First of, do you need all the intermediate values? That is, do you want a list h from 0 to i? Or do you just want h[i]?
If you just need the i-th value you could us recursion:
def get_h(i):
if i>0:
return (2*b) - get_h(i-1)
else:
return h_0
But be aware that this will not work for large i, as it will exceed the maximum recursion depth. (Thanks for pointing this out kdopen) In that case a simple for-loop or a generator is better.
Even better is to use a (mathematically) closed form of the equation (for your example that is possible, it might not be in other cases):
def get_h(i):
if i%2 == 0:
return h_0
else:
return (2*b)-h_0
In both cases h_0 is the initial value that you start out with.
h = []
for i in range(len(b)):
if i>0:
h.append(2*b - h[i-1])
else:
# handle i=0 case here
You are successively applying a function (equation) to the result of a previous application of that function - the process needs a seed to start it. Your result looks like this [seed, f(seed), f(f(seed)), f(f(f(seed)), ...]. This concept is function composition. You can create a generalized function that will do this for any sequence of functions, in Python functions are first class objects and can be passed around just like any other object.
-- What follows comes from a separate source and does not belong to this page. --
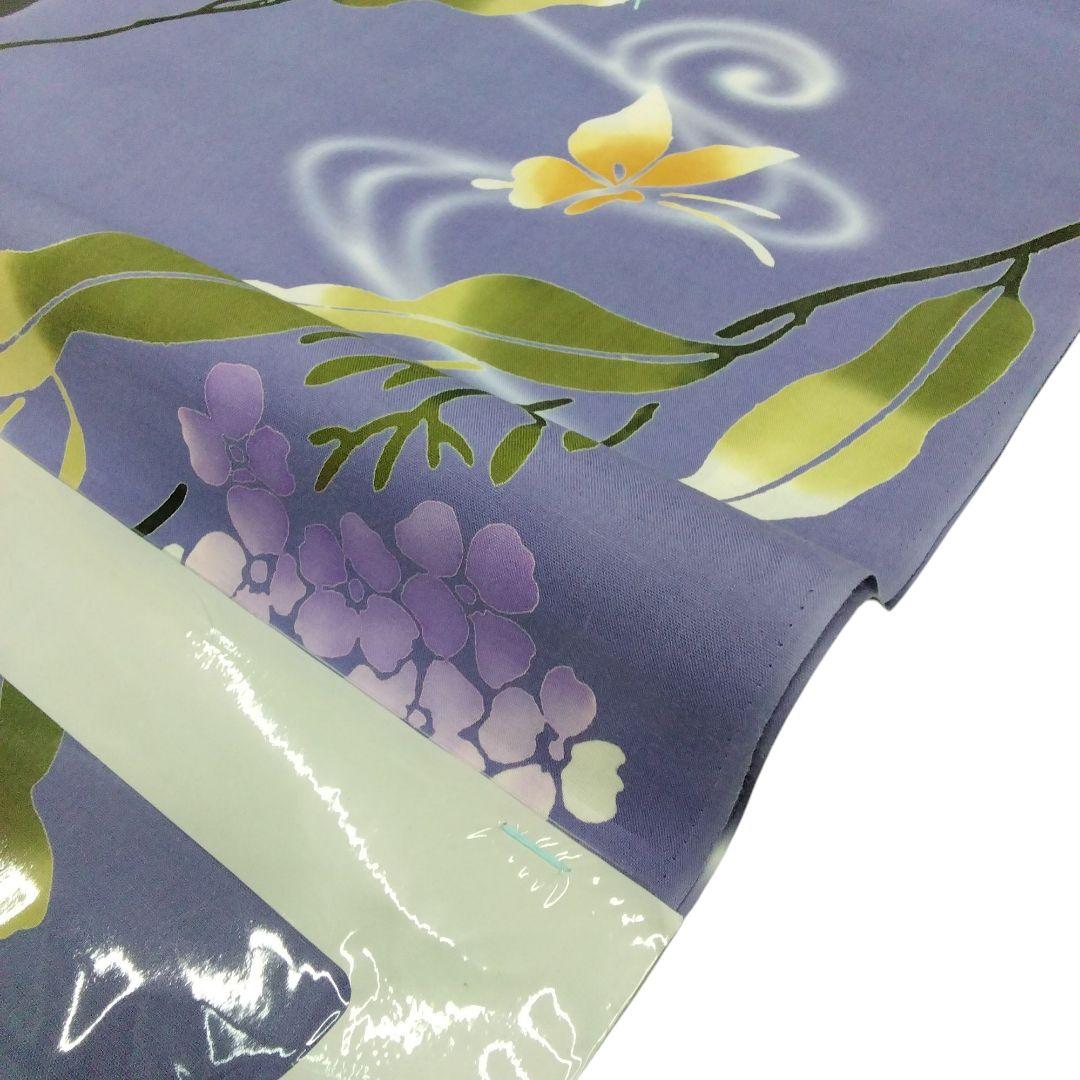 山本寛斎　紫陽花　浴衣　反物　灰紫　クインサイズ　高級本染　#4808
If you need to preserve the intermediate results use a generator.
def composition(functions, x):
""" yields f(x), f(f(x)), f(f(f(x)) ....
for each f in functions
functions is an iterable of callables taking one argument
"""
for f in functions:
x = f(x)
yield x
Your specs require a seed and a constant,
seed = 0
b = 10
The equation/function,
def f(x, b = b):
return 2*b - x
f is applied b times.
functions = [f]*b
Usage
print list(composition(functions, seed))
If the intermediate results are not needed composition can be redefined as
def composition(functions, x):
""" Returns f(x), g(f(x)), h(g(f(x)) ....
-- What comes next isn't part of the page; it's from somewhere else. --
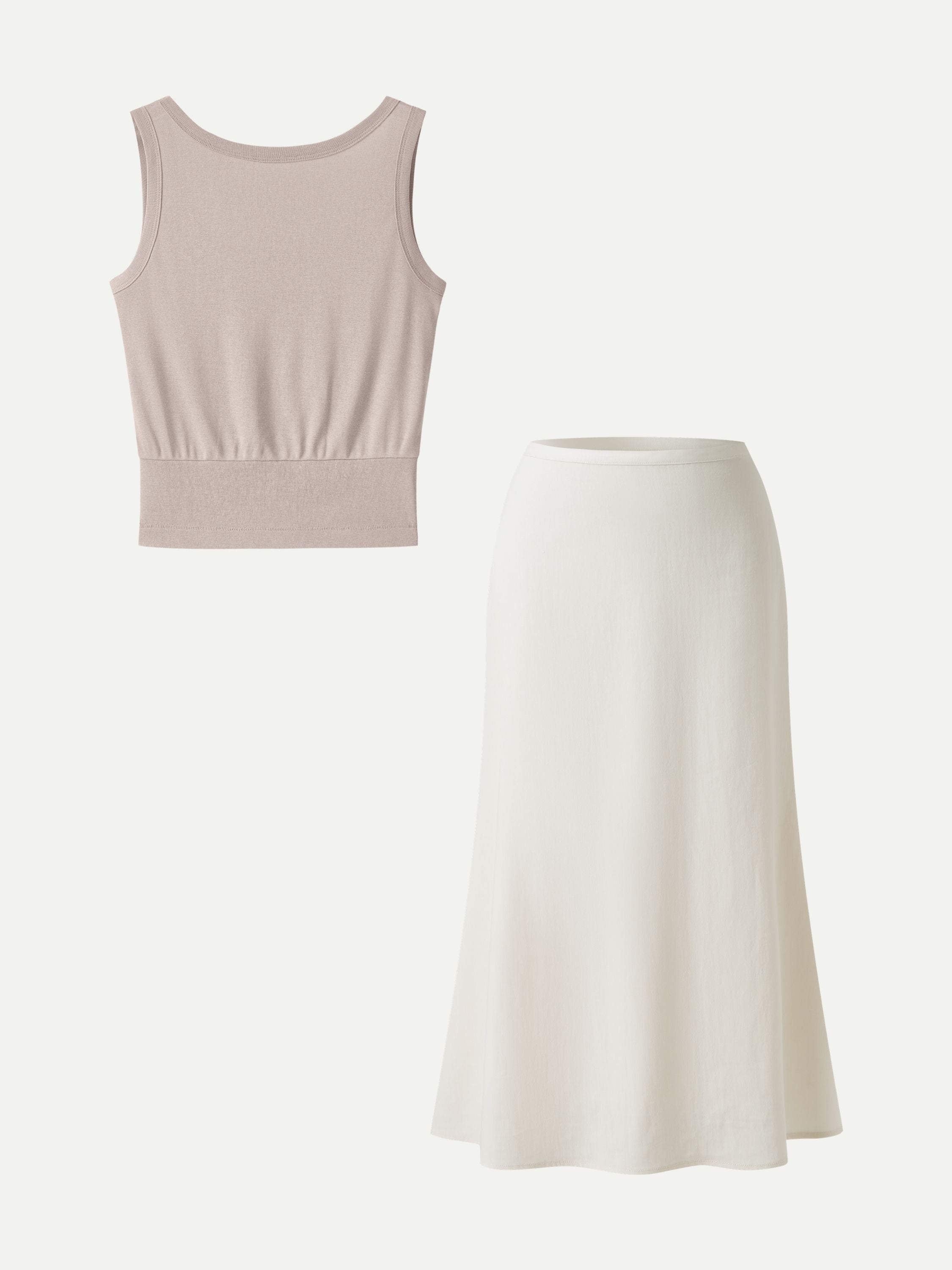 2Pcs Set Reversible Boatneck Top & Maxi Flared Pull-On Skirt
for each function in functions
functions is an iterable of callables taking one argument
"""
for f in functions:
x = f(x)
return x
print composition(functions, seed)
Or more generally, with no limitations on call signature:
def compose(funcs):
'''Return a callable composed of successive application of functions
funcs is an iterable producing callables
for [f, g, h] returns f(g(h(*args, **kwargs)))
'''
def outer(f, g):
def inner(*args, **kwargs):
return f(g(*args, **kwargs))
return inner
return reduce(outer, funcs)
def plus2(x):
return x + 2
def times2(x):
return x * 2
def mod16(x):
return x % 16
funcs = (mod16, plus2, times2)
eq = compose(funcs) # mod16(plus2(times2(x)))
print eq(15)
While the process definition appears to be recursive, I resisted the temptation so I could stay out of maximum recursion depth hades.
I got curious, searched SO for function composition and, of course, there are numerous relavent Q&A's.